New poll by the Institute for Jewish Policy Research (JPR) measures the impact of the pandemic on the UK community, as 22 percent of respondents say they're better off.
Almost 30 percent of British Jews say the pandemic has left them worse off but 22 percent say they are better off as a result, a nationwide survey has shown.
Demonstrating how the coronavirus and its restrictions has had sometimes hugely different impacts, 20 percent said they were “a little better off” financially, indicating savings on transport, while almost two percent said they were “a lot better off”.
Yet while fortunes have diverged, 7.4 percent of Jews have borrowed money on credit cards, struggled to pay the bills, shrunk meal sizes to feed the family, or turned to food banks to get by, in a shocking reminder of the effects of Covid-19 on some.
The data, which only measures the pandemic’s effects until July, was published this week by the Institute for Jewish Policy Research (JPR), in a short report on the effects of the virus on Jewish people’s health, jobs, finances, relationships and lives.

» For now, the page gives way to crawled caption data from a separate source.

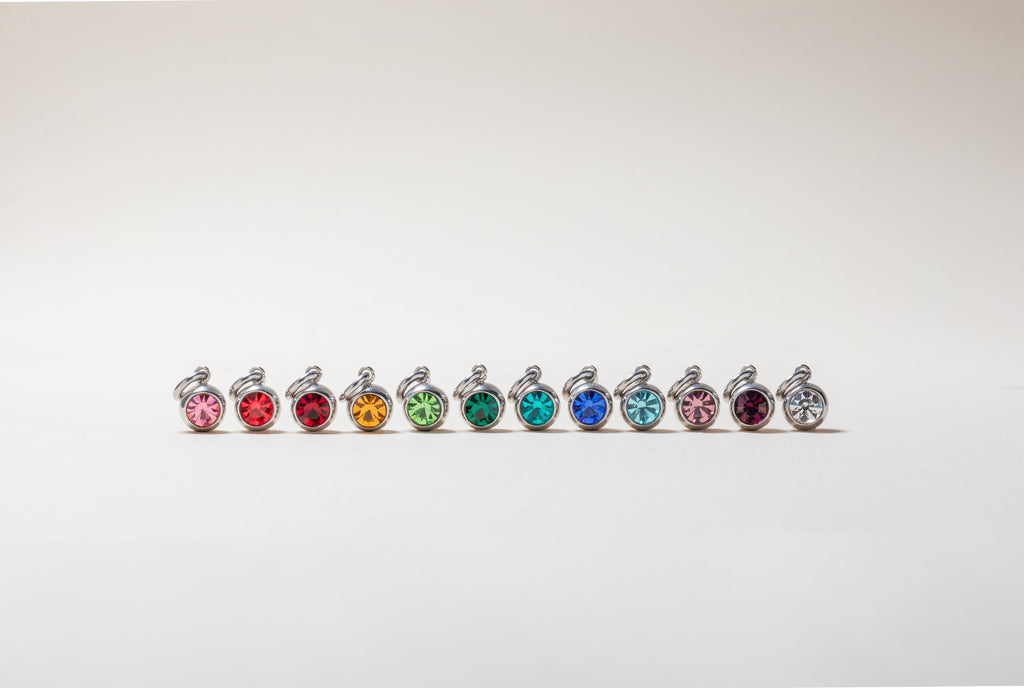 March Birthstone Interchangeable Charm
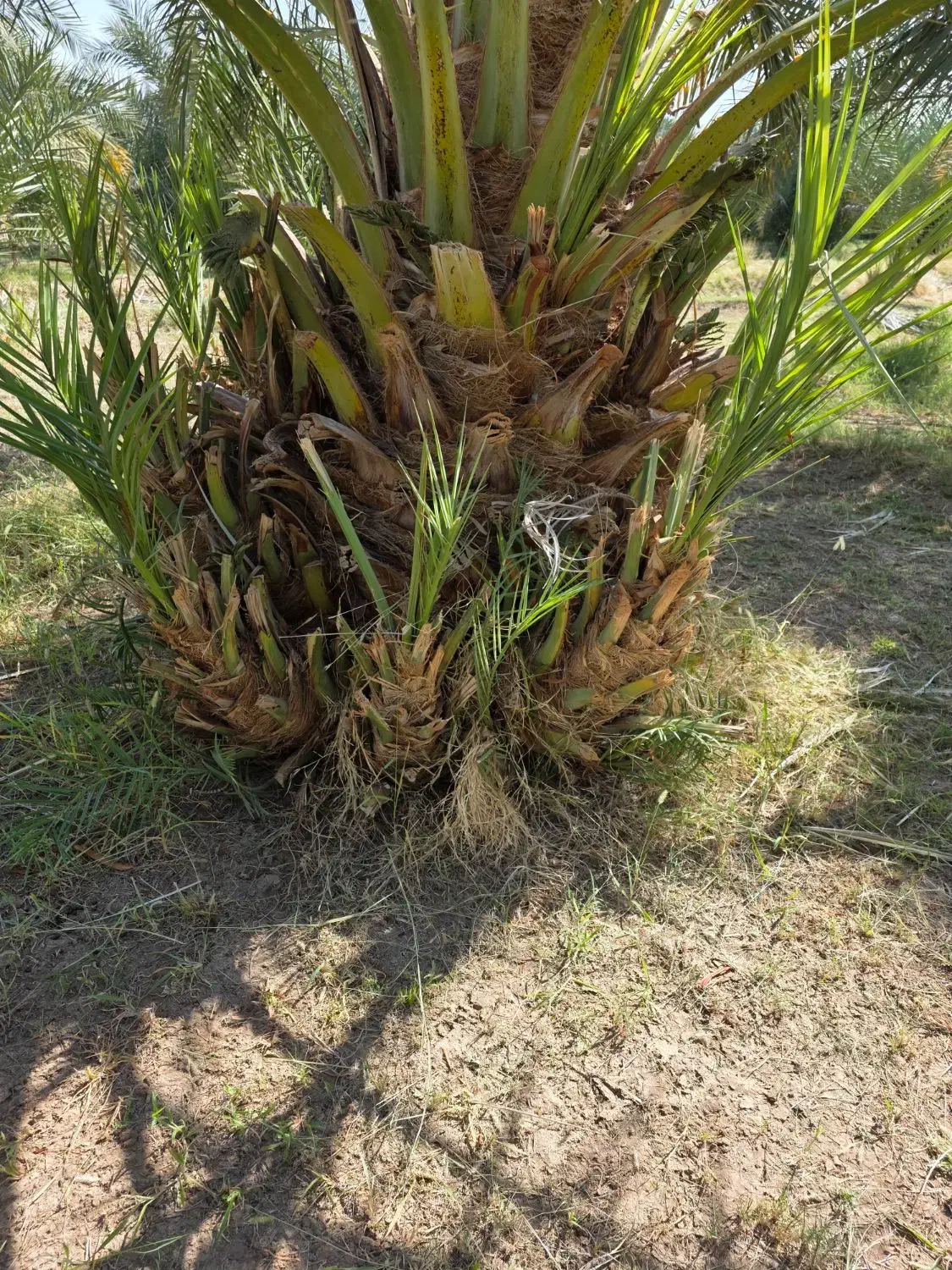 جنگ پاجوش|گل و گیاه طبیعی|ریگان, |دیوار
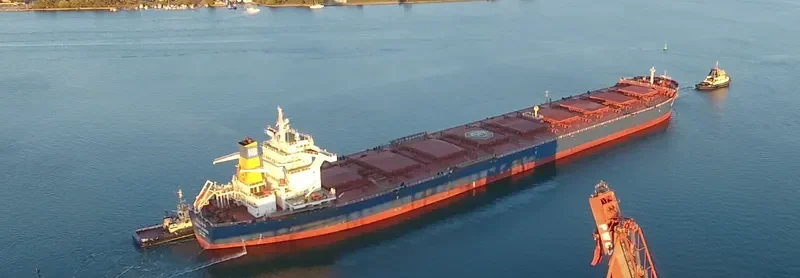 HEBEI LEGEND Bulk Carrier IMO 9438470 photo 2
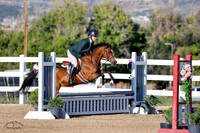 Woodlands_Qt_Pie_(524)_20240904_0104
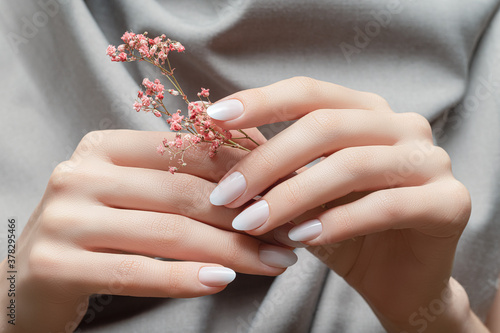 Female hands with white nail design. Female hands holding pink autumn flower. Woman hands on grey fabrick background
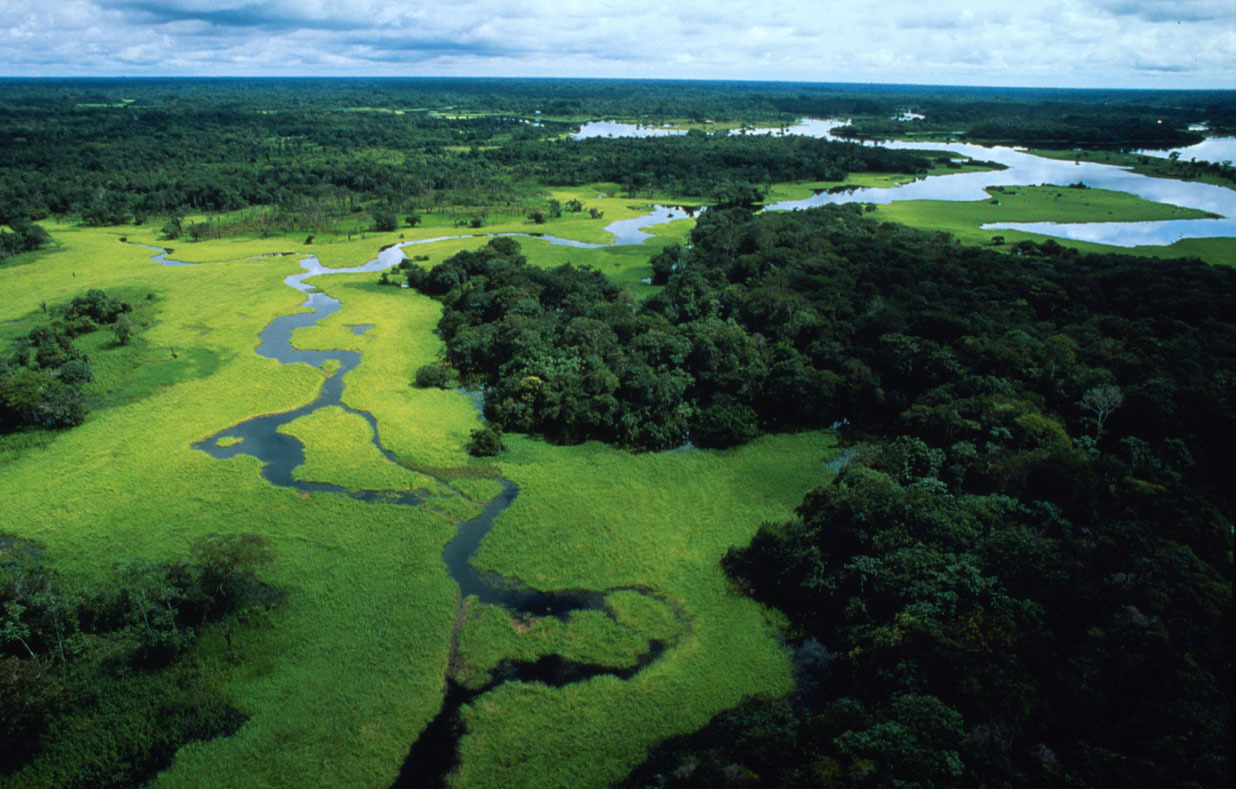 Flooded Forest, Amazonas, Brazil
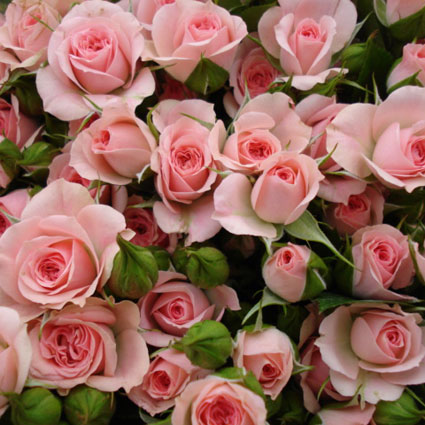 Flower delivery. Price is indicated for one rose.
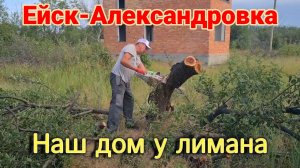 Ейск-Александровка. Спиливаем, чистим. Должанская. Подарки от Юлии. Вылуп цыплят. Инкубатор OVO78👍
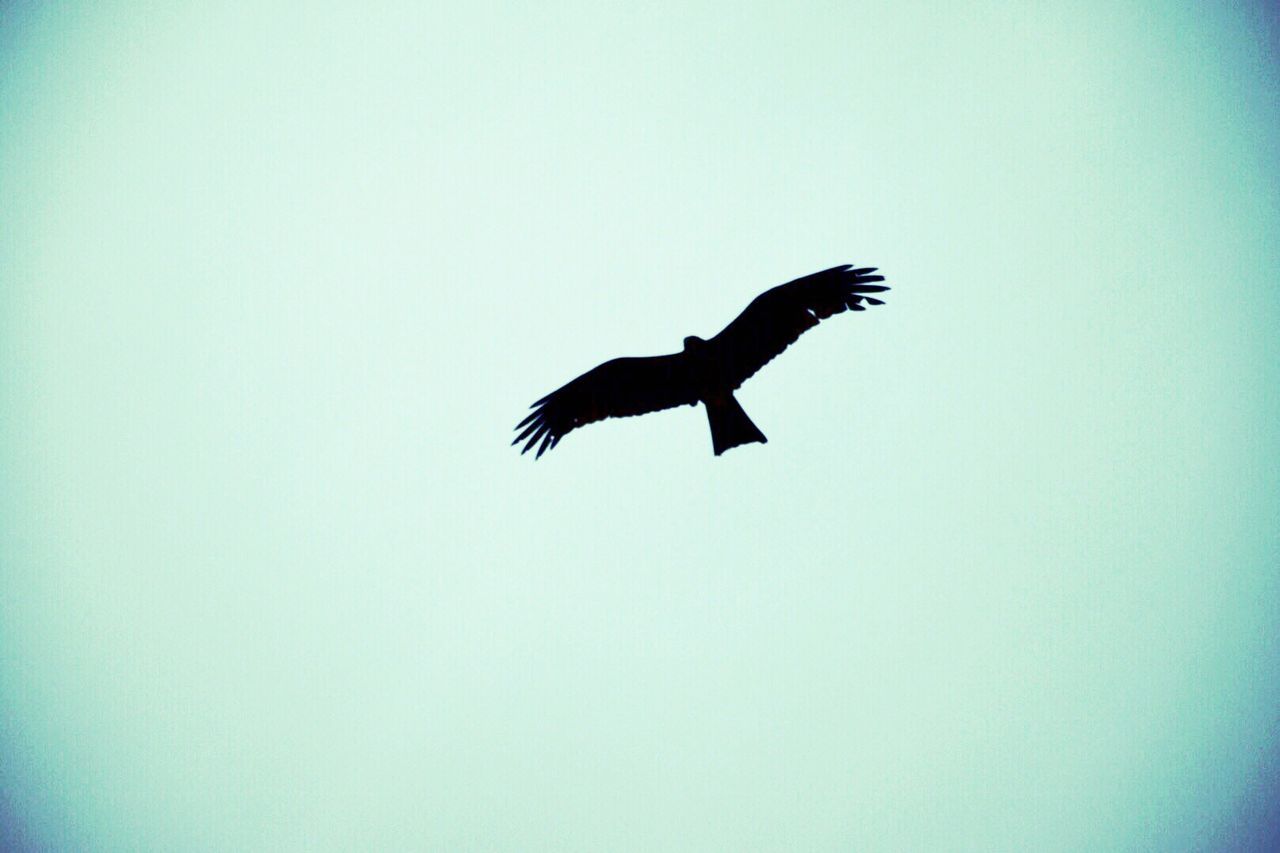 LOW ANGLE VIEW OF BIRDS FLYING AGAINST CLEAR SKY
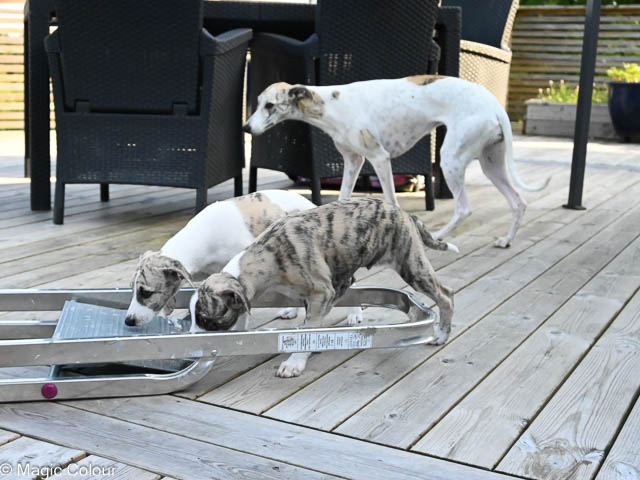 Kennel Magic Colour whippet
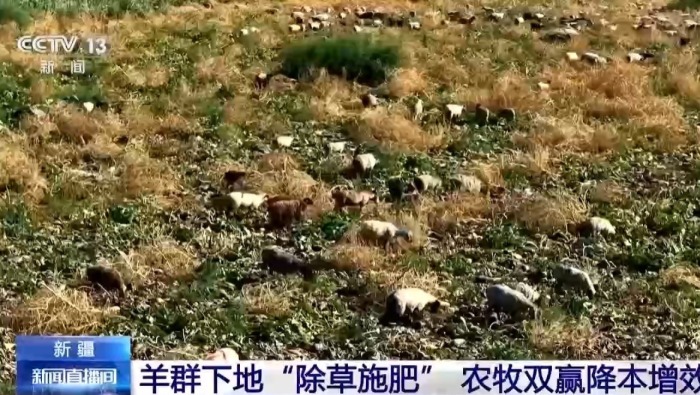 视频丨羊群“除草施肥”当帮手 新疆农田实现降本增效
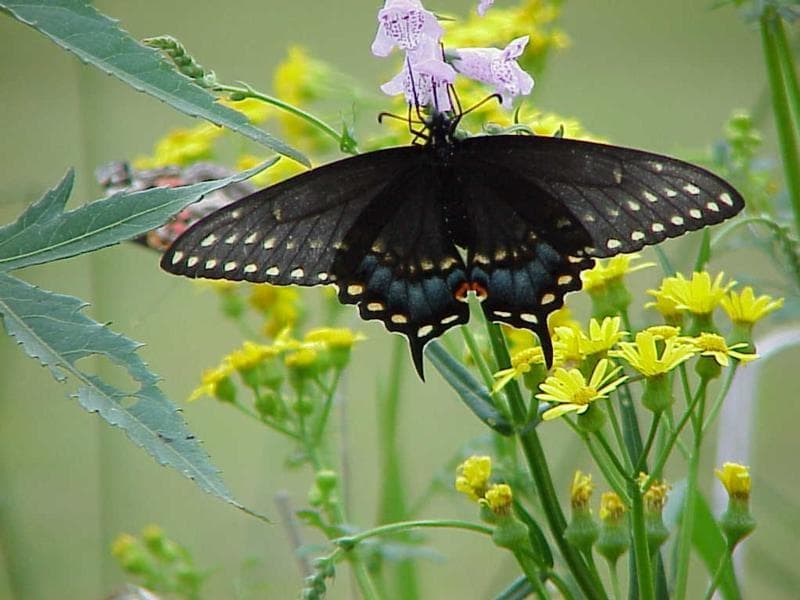   (Papilio troilus),     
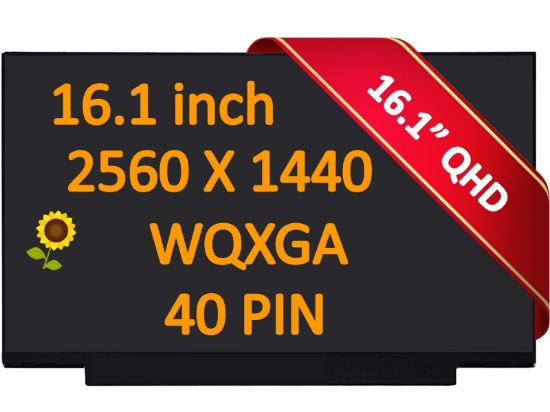 NE161QHM-NZ1 V8.0 HP Victus 16-r0000 16-s1000 QHD Non Touch Screen N42534-001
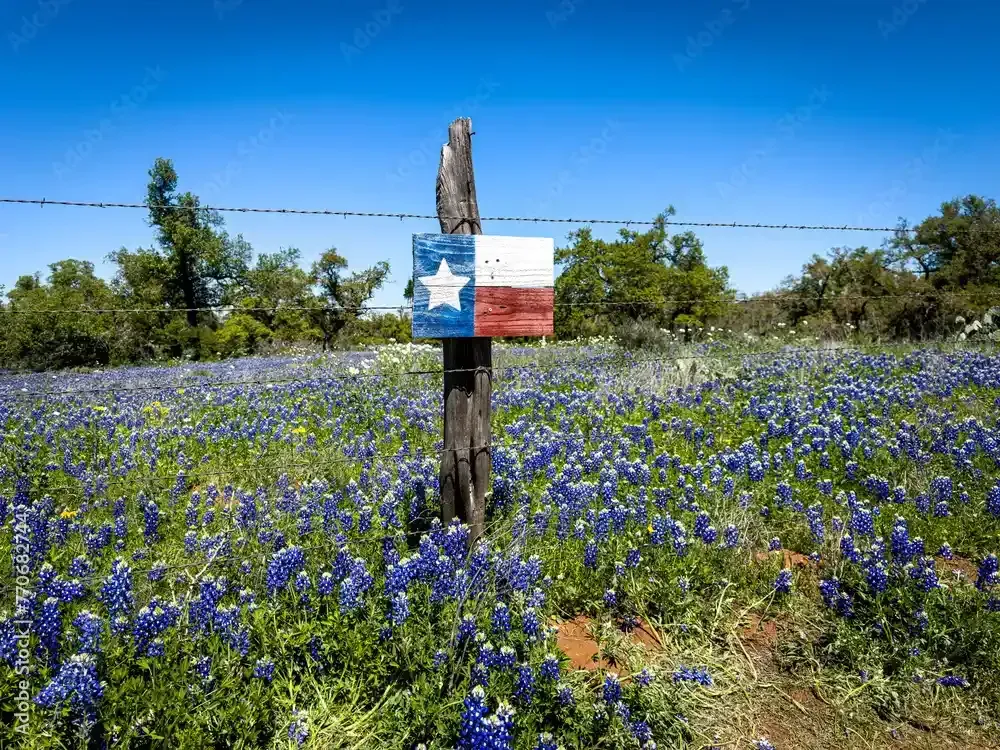 A Texas flag showing in a field of blue bonnets in Dripping Springs, Texas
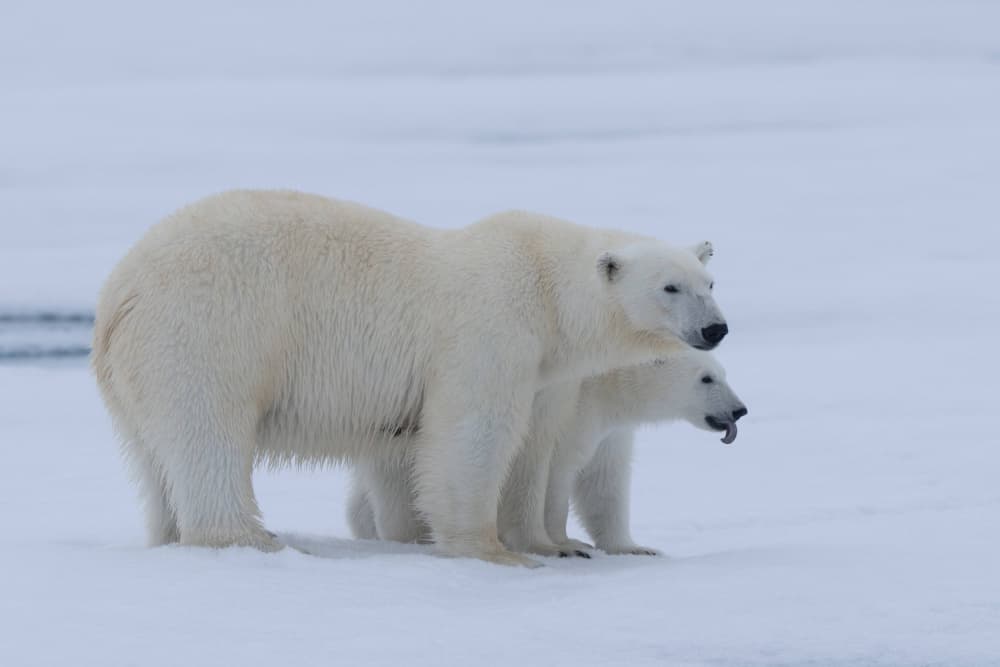 Mother Polar Bear and Cub by Manish Nagpal — canvas wall art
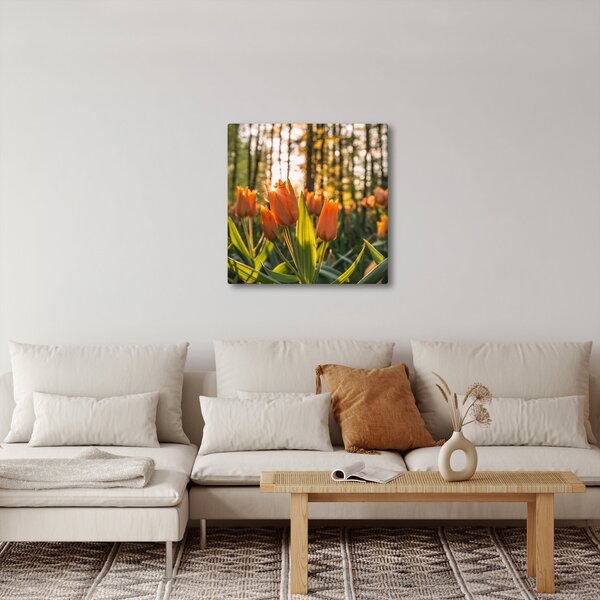 Obraz - květy tulipánů (30x30 cm)
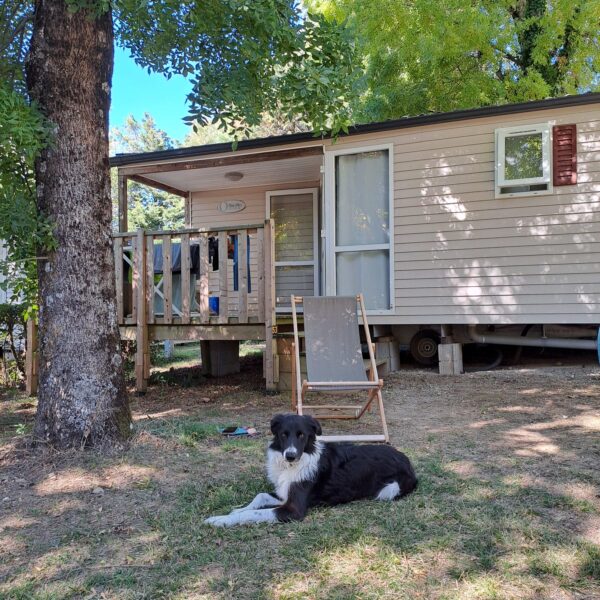 Chien devant un mobil home du Camping la Porte d'Autan dans l' Aude en Occitanie à Carcassonne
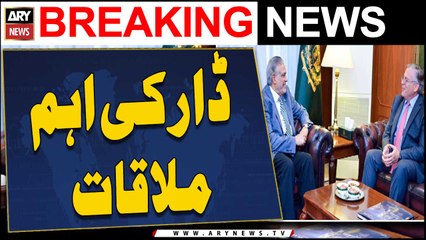 Deputy PM Dar, US Ambassador review developments in bilateral ties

It shows that those “living comfortably” before lockdown were far less likely to have been adversely affected by the restrictions than those struggling to get by, in a further sign that the coronavirus has hit the poorest hardest.
“Jewish households that were already economically disadvantaged before the pandemic have been hardest hit by its detrimental effects,” the authors say, with up to 50 percent in this bracket reporting a worsening financial situation since March.
“Almost four in five acutely disadvantaged households reported that they were worse off, compared with just one in four other Jewish households.”
The paper sought to identify “where in the Jewish population we see clear signs of economic stress”, in part to better inform resource allocation, with the Jewish Leadership Council having made £2 million available to families affected.
Researchers found that 52 percent of Jews who were less wealthy reported losing their job, being furloughed, or having their salary or work hours reduced, compared to 20 percent of all other Jewish households. “About half of those who were acutely disadvantaged in July 2020 were likely to be newly so,” the authors say.
Strictly Orthodox’ households were more likely to be acutely disadvantaged, with about one in seven affected, up to three times “the national Jewish average”, but Charedi families – which are typically large – were already known to experience above-average levels of poverty and deprivation.
Jewish householders in their 40s were deemed most likely to have been hard hit, while those aged 60 or over less likely. The researchers said people in their 40s were more likely to have higher outgoings, or to have built up less savings.
Ominously, JPR said that – beyond the 7.4 percent of “acutely disadvantaged” households – there are “an additional 9.5 percent who are highly vulnerable to acute disadvantage, as they are already using up savings to cover their living costs”.
Co-author and JPR director Dr Jonathan Boyd said there was good news and bad news to emerge from the work.
“The good news is that the Jewish population entered into the pandemic in relatively robust economic health, and as of July… most Jewish households were navigating their way through any economic challenges rather well.
“But about one in fourteen Jewish households were already showing signs of acute economic stress, about half of whom appear to have been in that position as a direct cause of the pandemic.
“Beyond them, about one in six is vulnerable to serious hardship. The fear for them is that one negative work experience over the autumn or winter – a redundancy or pay cut – could tip them into the realm of the acutely disadvantaged.”